Items from a dataset
......

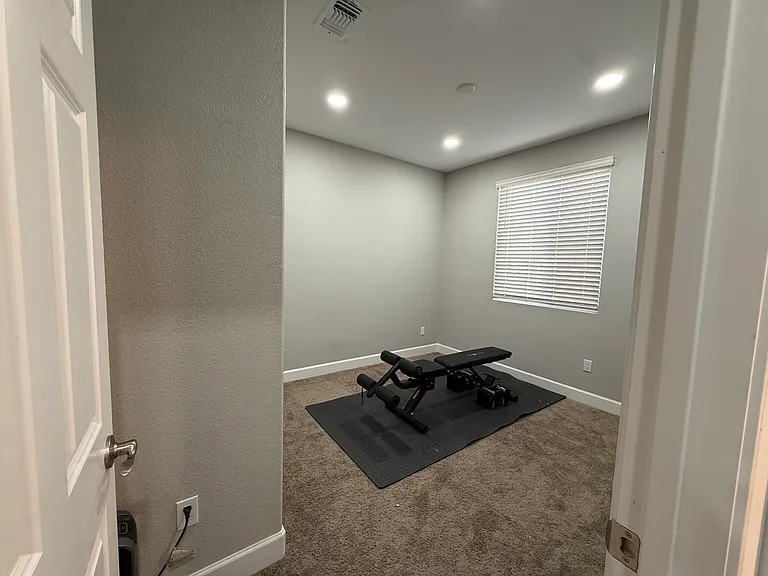 672 Chimes St — Photo 34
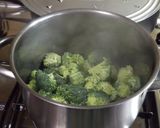 Foto del paso 2 de la receta: Puré sedoso de brécol para acompañamiento de carnes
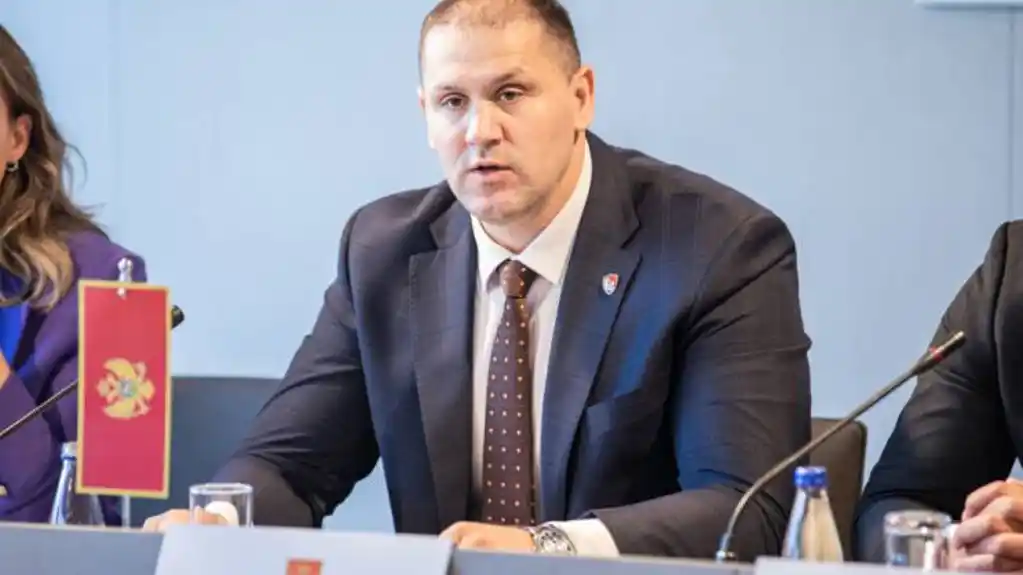 Advokat Radulović o Šćepanoviću: „On zna sve,  osim gdje su bjegunci“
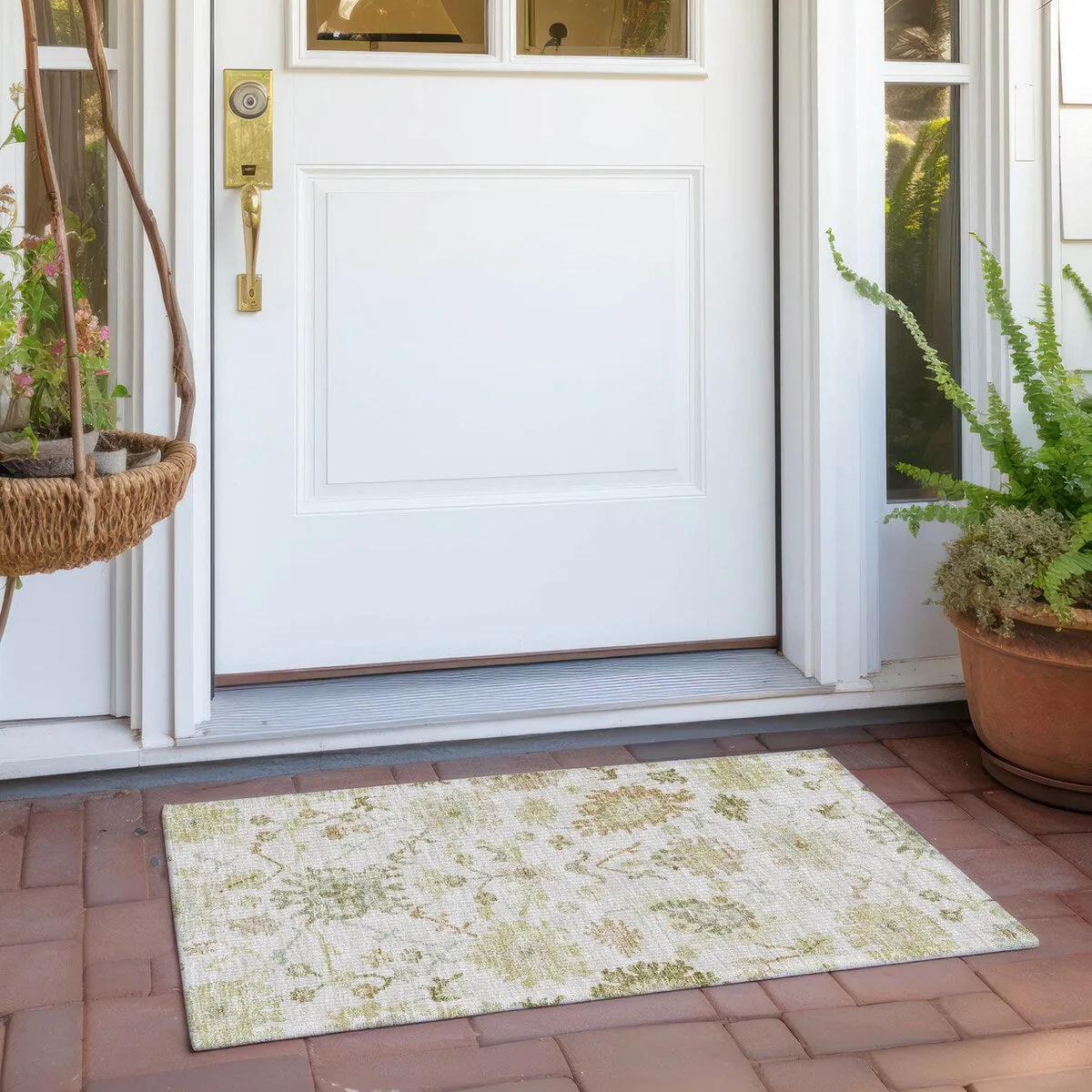 Machine Washable Indoor/ Outdoor Traditional Casual Chantille Rug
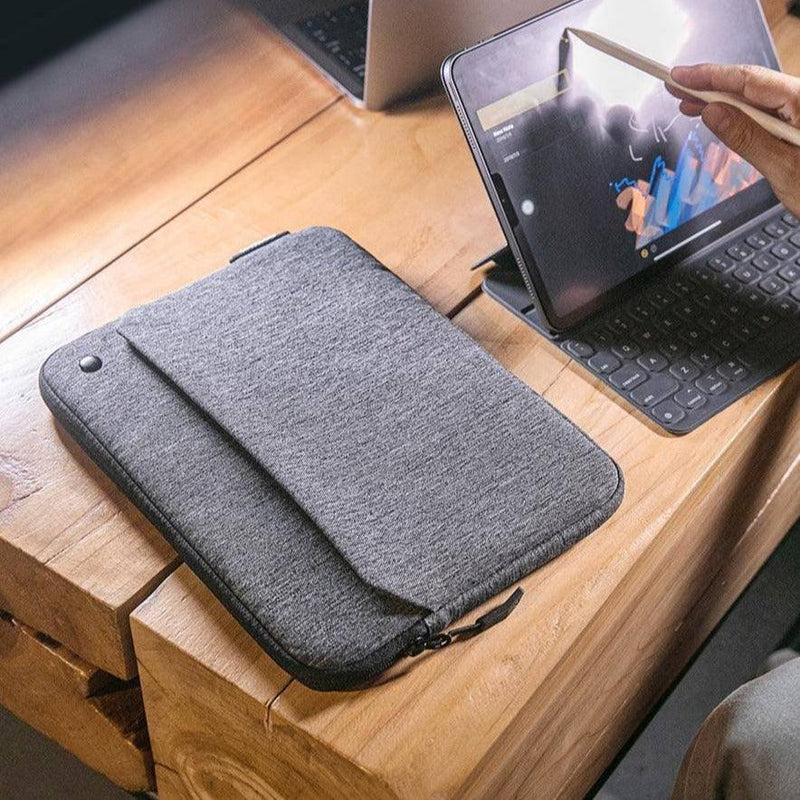 Tomtoc Classic iPad Sleeve - Grey 10.9 to 11 Inch - Modern Quests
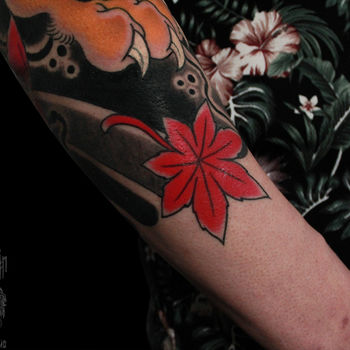 Татуировка мужская япония на предплечье кленовые листья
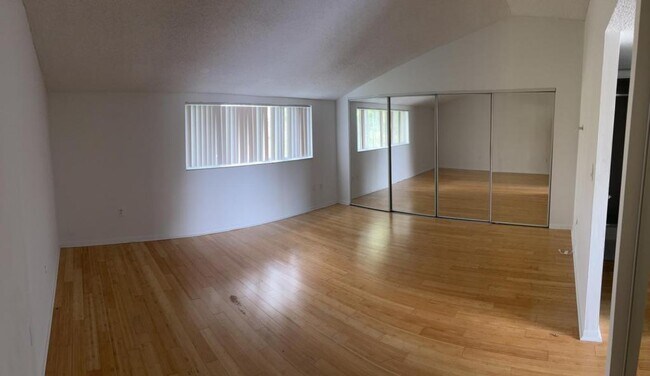 Building Photo - 8401 W Sample Rd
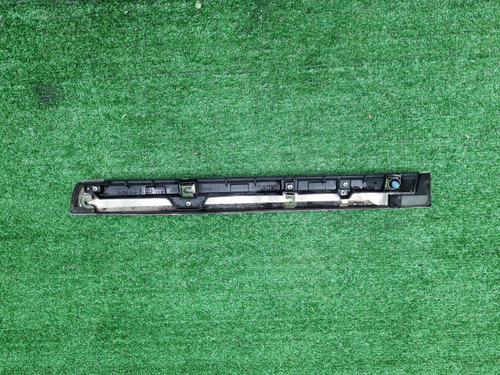 Молдинг двери задний правый Land Cruiser 200 15-21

......

▶ _What to do_: Every record gets retyped exactly; no picture goes into the copy.

▶ _Answer to this problem_:
 672 Chimes St — Photo 34
 Foto del paso 2 de la receta: Puré sedoso de brécol para acompañamiento de carnes
 Advokat Radulović o Šćepanoviću: „On zna sve,  osim gdje su bjegunci“
 Machine Washable Indoor/ Outdoor Traditional Casual Chantille Rug
 Tomtoc Classic iPad Sleeve - Grey 10.9 to 11 Inch - Modern Quests
 Татуировка мужская япония на предплечье кленовые листья
 Building Photo - 8401 W Sample Rd
 Молдинг двери задний правый Land Cruiser 200 15-21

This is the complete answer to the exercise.